Our lift-up model is trained with 2D joint locations estimated by the competing 2D module on the synthetic training dataset. The training is carried out with 32 batches, 70 epochs, using the Adam optimizer, and with the initial learning rate set to 0.001. We determine the model’s architecture for 8 weights (w = 8) and 0 residual blocks (b = 0) in this evaluation because of the ablation study results. Our lift-up model has only 2 fully connected layers without residual blocks.

4.2 Comparison with previous works

We quantitatively compare our lift-up model to the related previous works on the real evaluation dataset. We compare the results to those of Mo²Cap² [14] and x R-EgoPose [15, 16], which are 3D ego-pose estimations from a single mounted fisheye camera. We use a dual-branch encoder-decoder model with 3D pose and heatmaps as x R-EgoPose in this comparison. Additionally, we compare to VNect [9], which was validated for a mounted omnidirectional camera setup by Miura and Sako [27]. The decoupled two-step approaches (x R-EgoPose and ours) are trained and evaluated for each 2D module results of Mo²Cap² and VNect.

We present the MJPE(mm) and PCK@30 mm results in Table 1. Our lift-up model shows worse performance than x R-EgoPose in MJPE(mm) even though it obtains the best accuracy in PCK@30 mm. These results mean that our model achieves high accuracy when the 2D joint location estimator works well. However, the deterioration of 2D joint location estimation has a worse impact on our lift-up model because the robustness is less than x R-EgoPose. Additionally, our lift-up model obtains higher accuracy with the 2D module of VNect and Mo²Cap² than the original models.

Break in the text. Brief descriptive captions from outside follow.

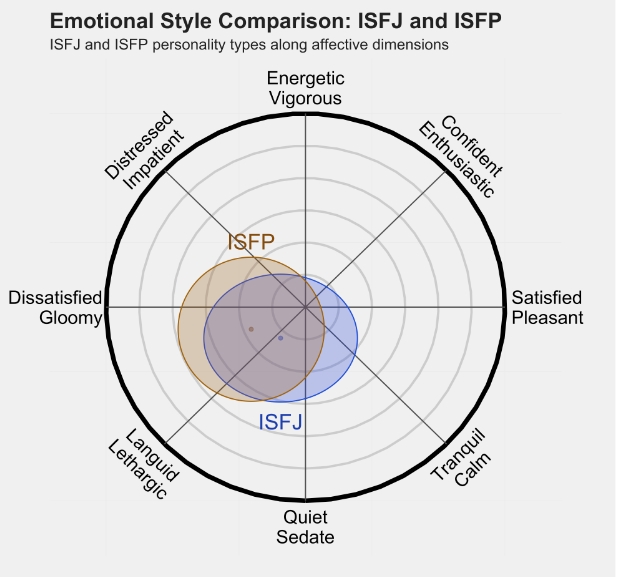 ISFP2.png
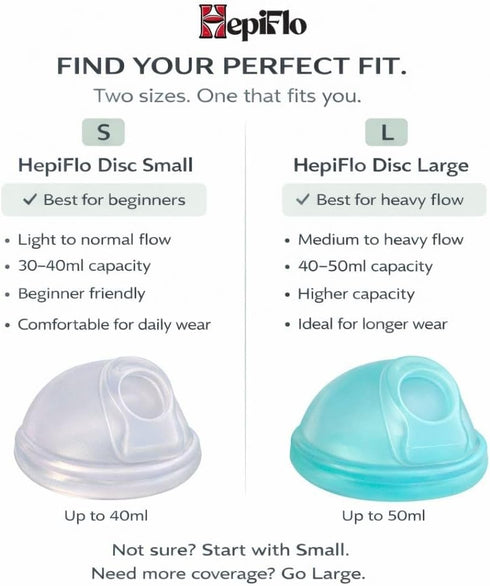 HepiFlo 2 12-Hour Menstrual Disc Combo Reusable Disc in Sizes (Small & Large) Medical-Grade Silicone, Leak-Free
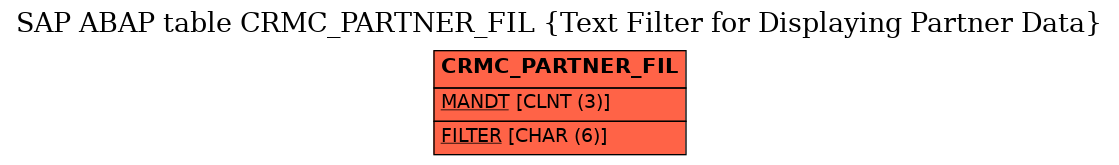 E-R Diagram for table CRMC_PARTNER_FIL (Text Filter for Displaying Partner Data)
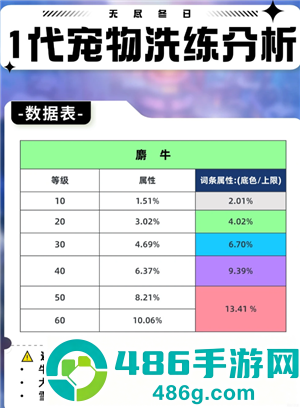 无尽冬日宠物培养攻略 无尽冬日宠物培养攻略详情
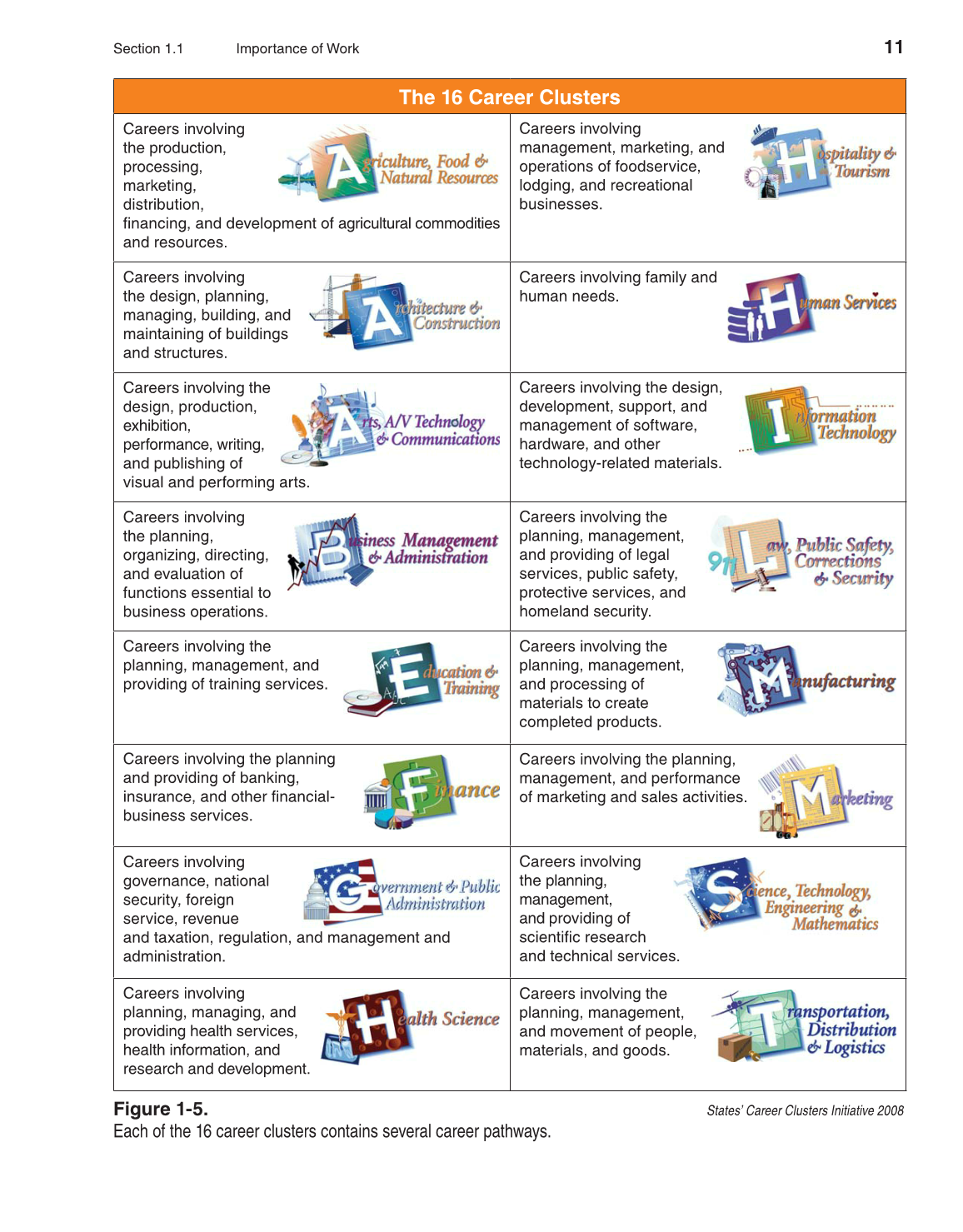 School to Career, 10th Edition page 11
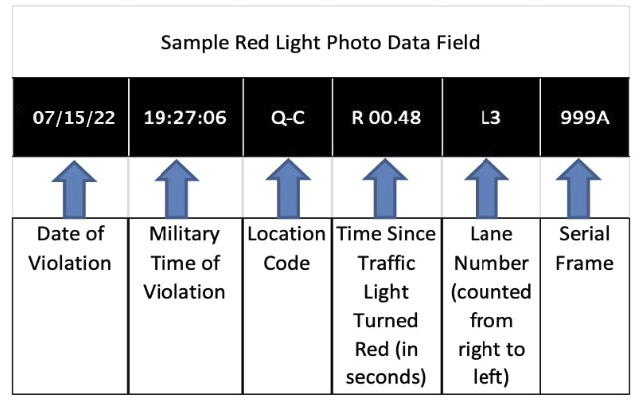 Diagrama oficial que identifica fecha, hora, ubicación, segundos desde el inicio del rojo, carril y número de fotograma en una evidencia de infracción.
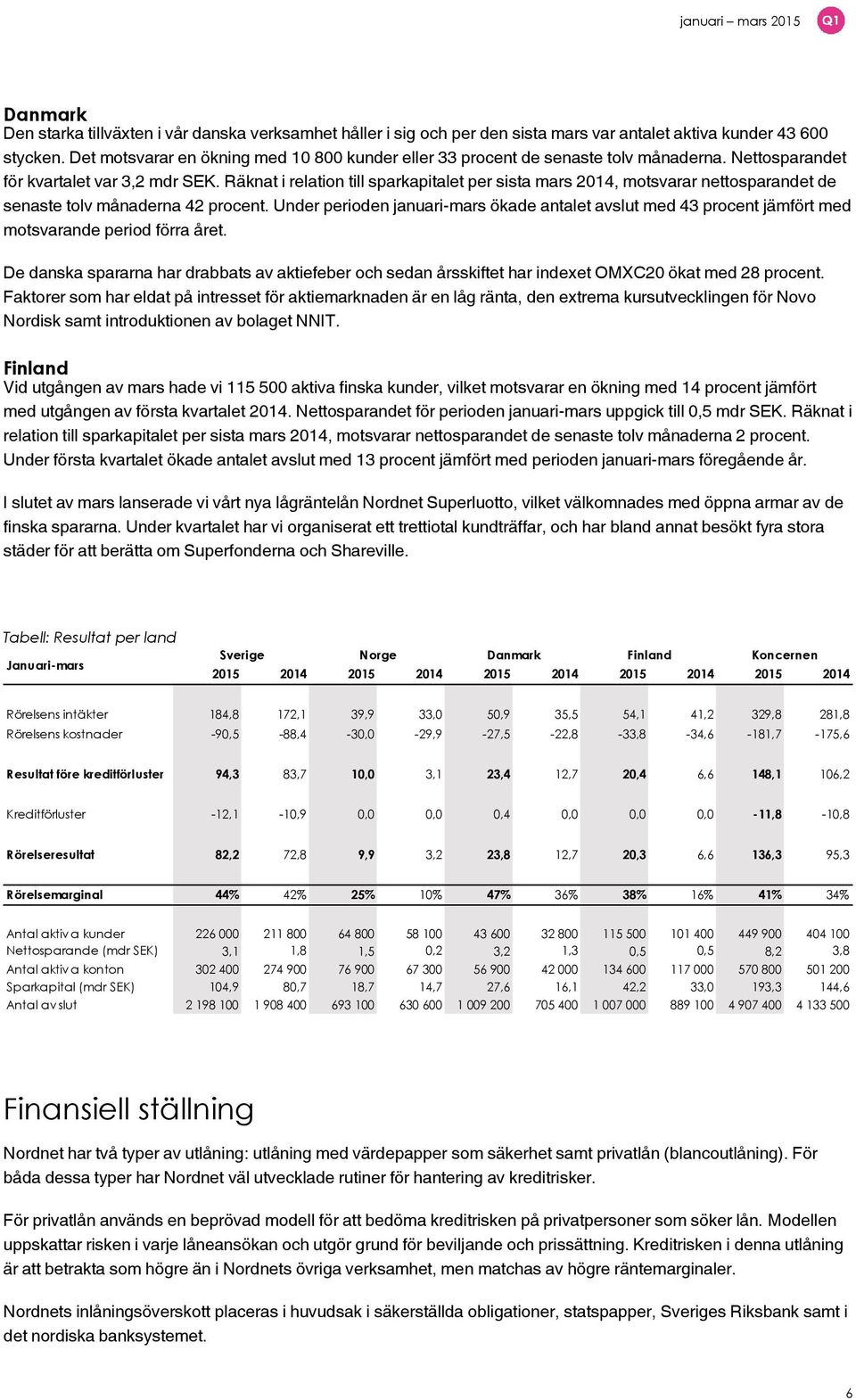 Räknat i relation till sparkapitalet per sista mars 2014, motsvarar nettosparandet de senaste tolv månaderna 42 procent.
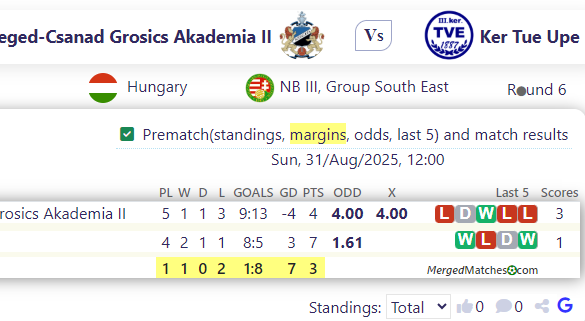 Szeged-Csanad Grosics Akademia II Vs Ker Tue Upe screenshot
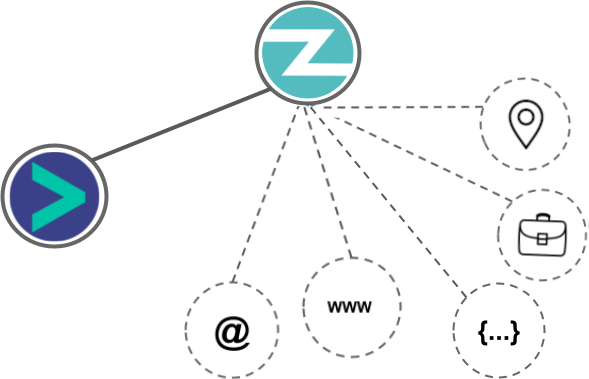 Zopto integration diagram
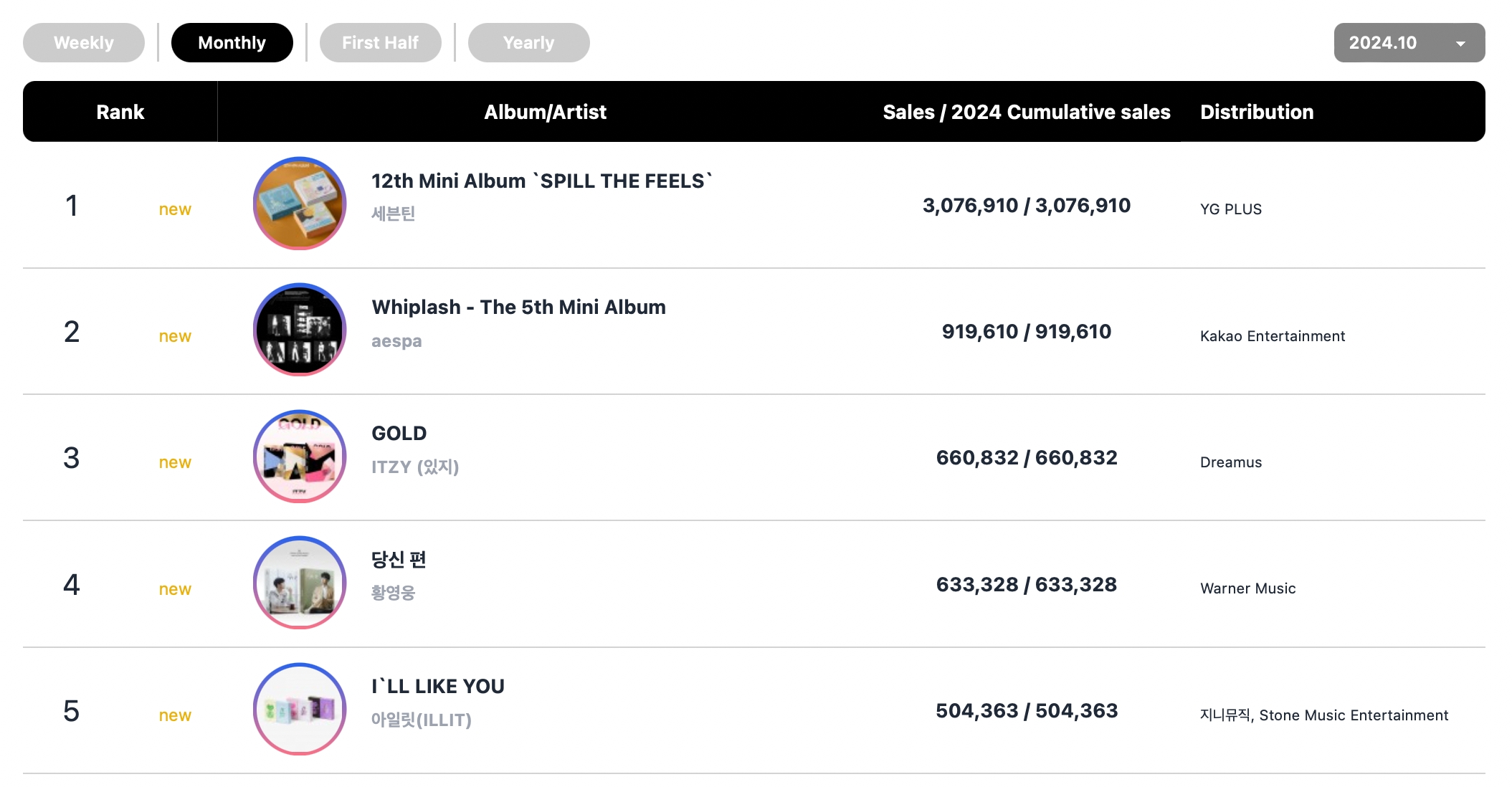 Rosé And Bruno Mars, BABYMONSTER, SEVENTEEN, And THE BOYZ Top Circle Monthly And Weekly Charts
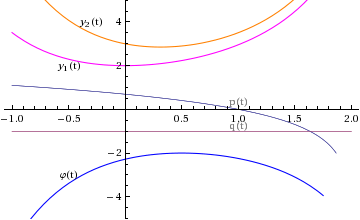 sec3_2_work_52.gif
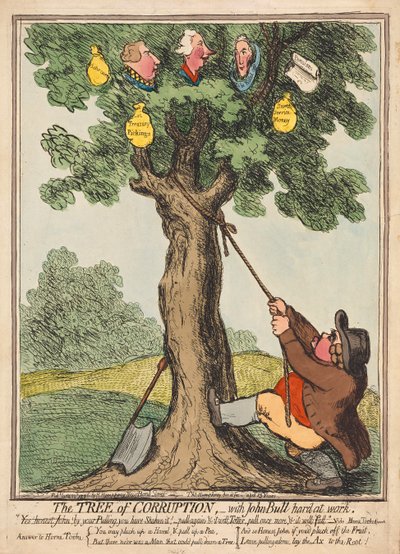 The Tree of Corruption, John Bull hard at Work, pubi. 1796 (käsinvärinen kaiverrus) tekijältä English School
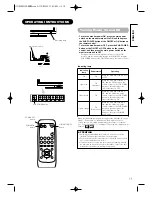 Предварительный просмотр 13 страницы Hitachi 42PMA300A User Manual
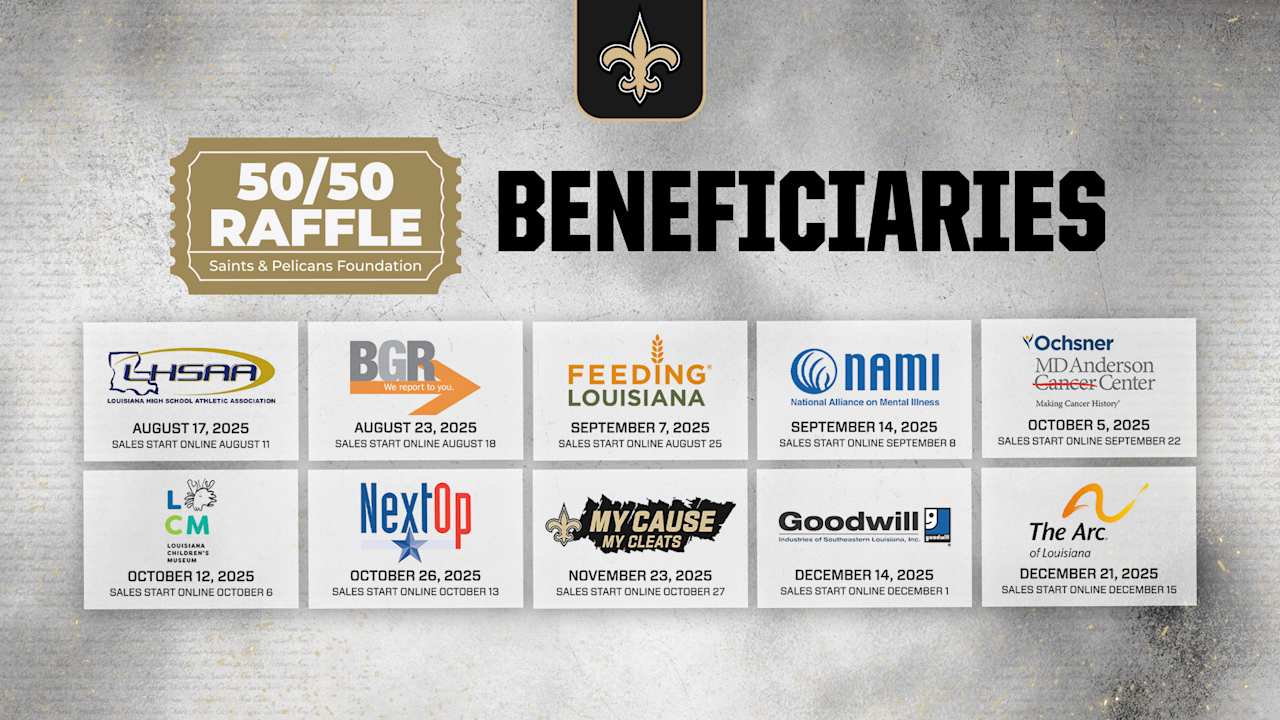 New Orleans Saints present 2025 50/50 Raffle checks to winners following season's conclusion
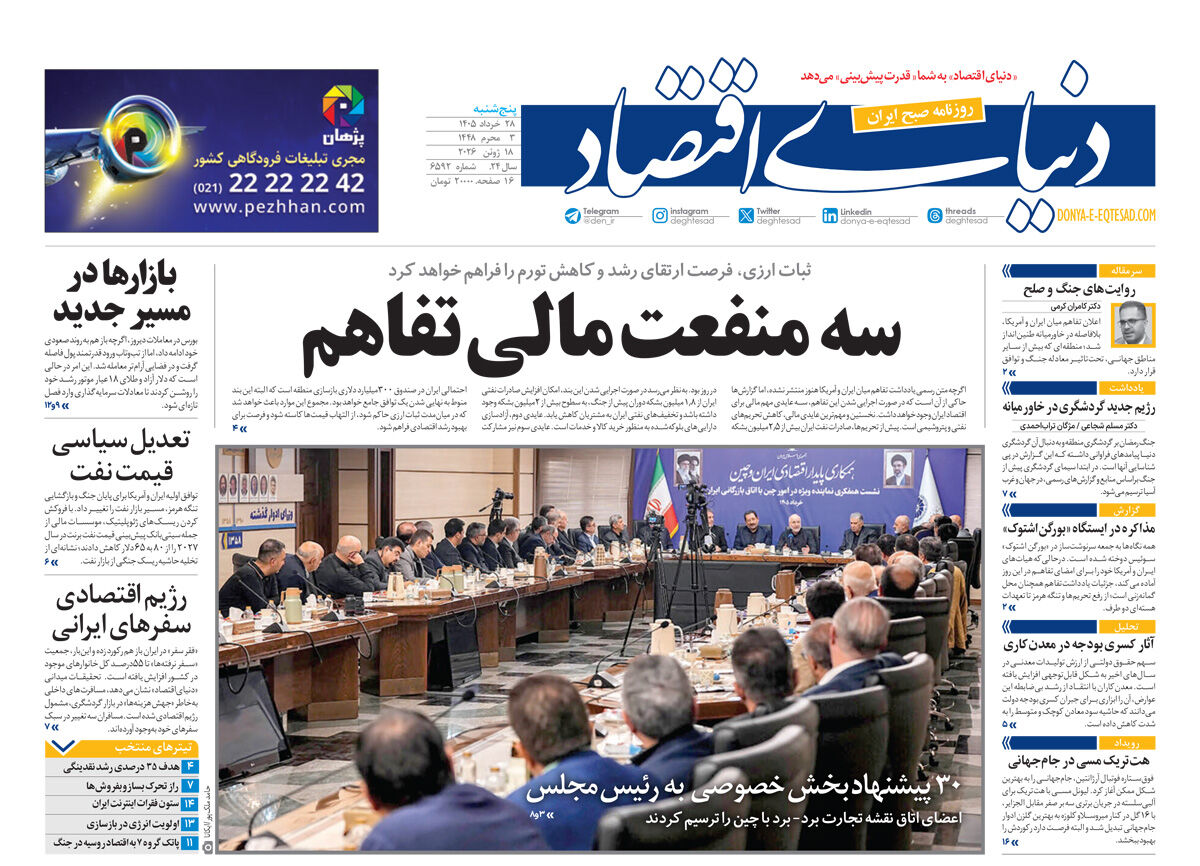 شماره 6592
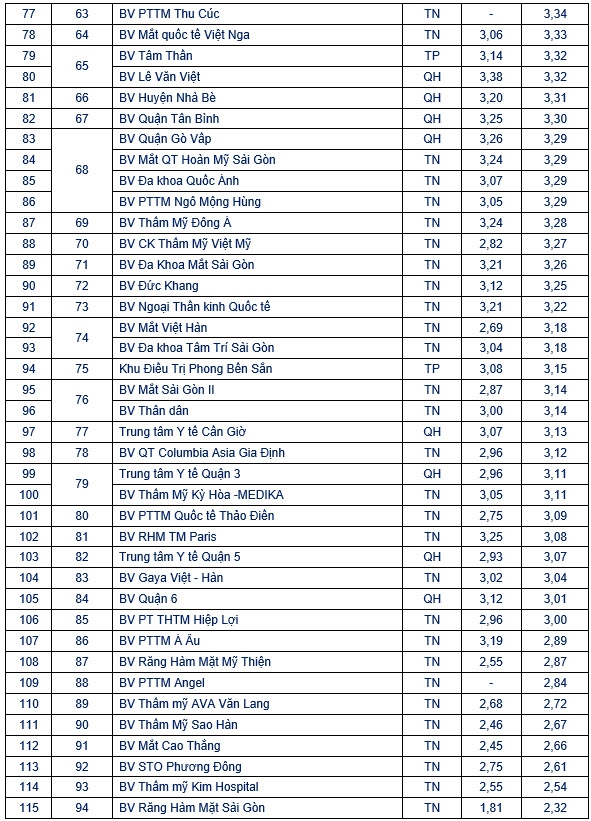 Sự kiện -  Tp.HCM: Công bố điểm chất lượng bệnh viện cao nhất, thấp nhất (Hình 4).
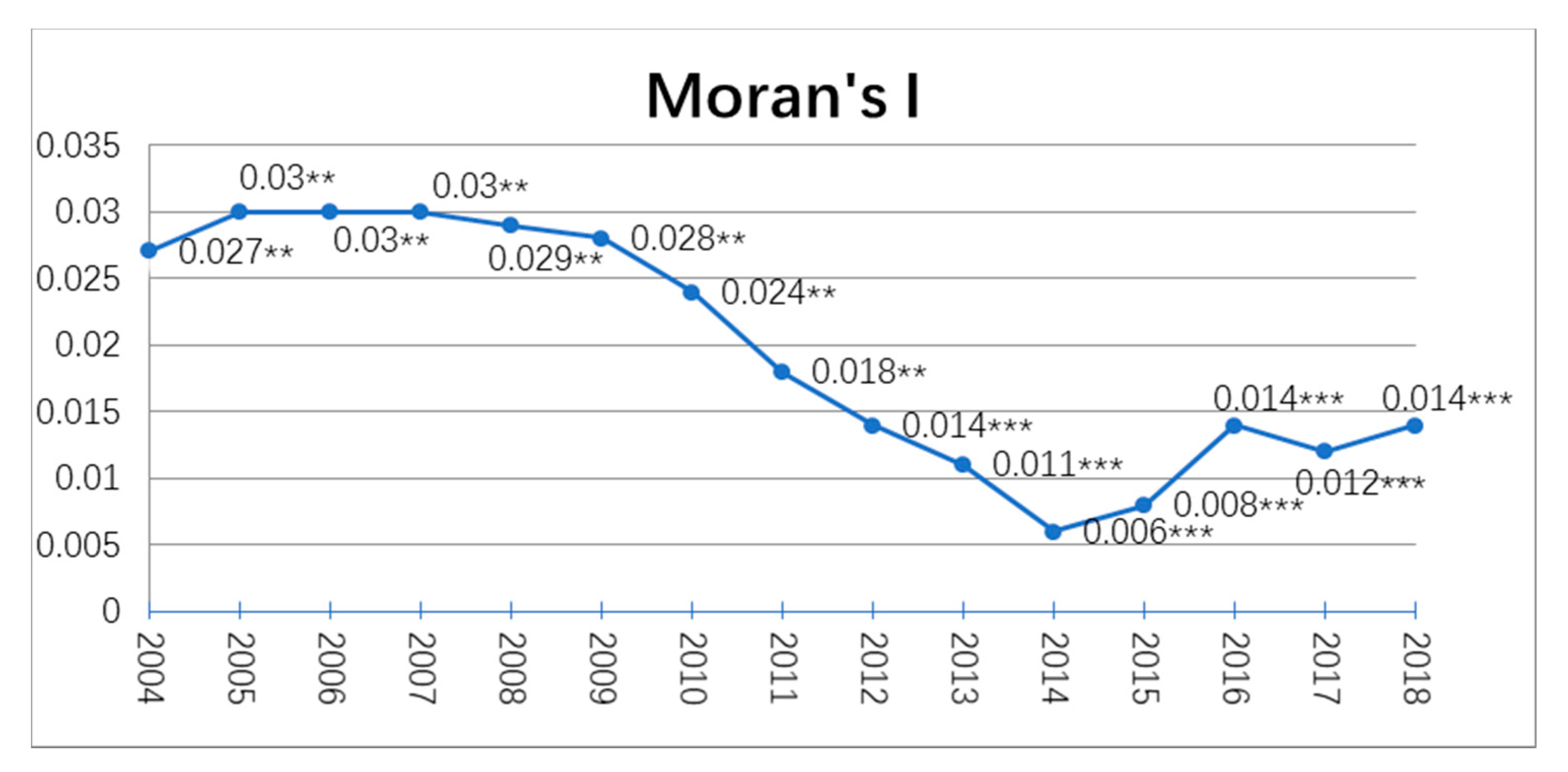 Sustainability 13 10206 g003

Table 1 MJPE (mm) results on a real evaluation dataset for comparison with previous works. PCK@30 mm is also indicated in brackets

Full size table

We indicate the model parameter size and the estimated required time on a CPU (Intel Xeon @ 2.20 GHz) in Table 2. We indicate 2D module results that exclude the 3D module from the models for VNect and Mo²Cap² because the models contain the whole process to estimate 3D joint positions from the input image. Our lift-up model shows better parameter size and execution time even when combined with 2D modules.

Table 2 Model parameter size and estimated time on CPU (Intel Xeon @ 2.20 GHz) for previous works and our model. We indicate 2D module results as well in brackets for VNect and Mo²Cap²

Full size table

We present examples of 3D ego-pose estimation results by our lift-up model with VNect’s 2D module in Fig. 4. The skeleton structures of estimation and ground truth are slightly different because the 3D joint positions of the synthetic training dataset and the real evaluation dataset are acquired by different mocap systems.

5 Ablation study

To further analyze our approach, we evaluate some additional aspects of our lift-up model, namely, the accuracy and generalization of the model parameters (w and b), effectiveness of 3D unit vectorization and VD loss function, and the possibility of training with ground truth 3D pose annotations. Additionally, we evaluate our model on the Mo²Cap² dataset [14].

5.1 Model parameters

We describe the MJPE(mm) results and the standard deviations of our lift-up model in Fig. 5. The model parameters are changed as follows: the number of weights w is changed from 4 to 16, and the number of residual blocks b is changed from 0 to 3. We note that VNect’s 2D module provides better 2D joint locations than Mo²Cap²’s 2D module.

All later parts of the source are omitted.